Quantification of mismatch error in randomly switching linear state-space models
Parisa Karimi, Zhizhen Zhao, Mark Butala, and Farzad Kamalabadi

TL;DR
This paper quantifies the expected estimation error reduction of Switching Kalman Filters over mismatched single mode filters in linear dynamic systems, providing mathematical derivations and simulation validation.
Contribution
It introduces a method to analytically quantify the average error difference between SKF and mismatched KF in known systems, aiding filter selection.
Findings
Mathematical expressions for estimator error moments are derived.
Simulations confirm the accuracy of the theoretical error quantifications.

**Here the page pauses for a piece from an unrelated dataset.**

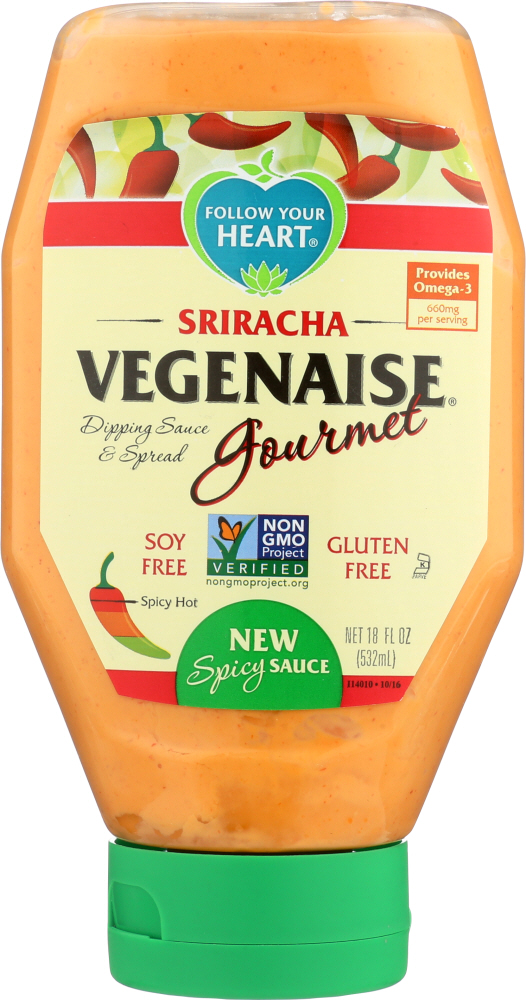 FOLLOW YOUR HEART: Sriracha Vegenaise Gourmet, 18 oz - 0049568760186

The approach helps optimize filter choice balancing accuracy and computational cost.
Abstract
Switching Kalman Filters (SKF) are well known for their ability to solve the piecewise linear dynamic system estimation problem using the standard Kalman Filter (KF). Practical SKFs are heuristic, approximate filters that are not guaranteed to have optimal performance and require more computational resources than a single mode KF. On the other hand, applying a single mode mismatched KF to a switching linear dynamic system (SLDS) results in erroneous estimation. This paper aims to quantify the average error an SKF can eliminate compared to a mismatched, single mode KF in a known SLDS before collecting measurements. Mathematical derivations for the first and second moments of the estimators errors are provided and compared. One can use these derivations to quantify the average performance of filters beforehand and decide which filter to run in operation to have the best performance in…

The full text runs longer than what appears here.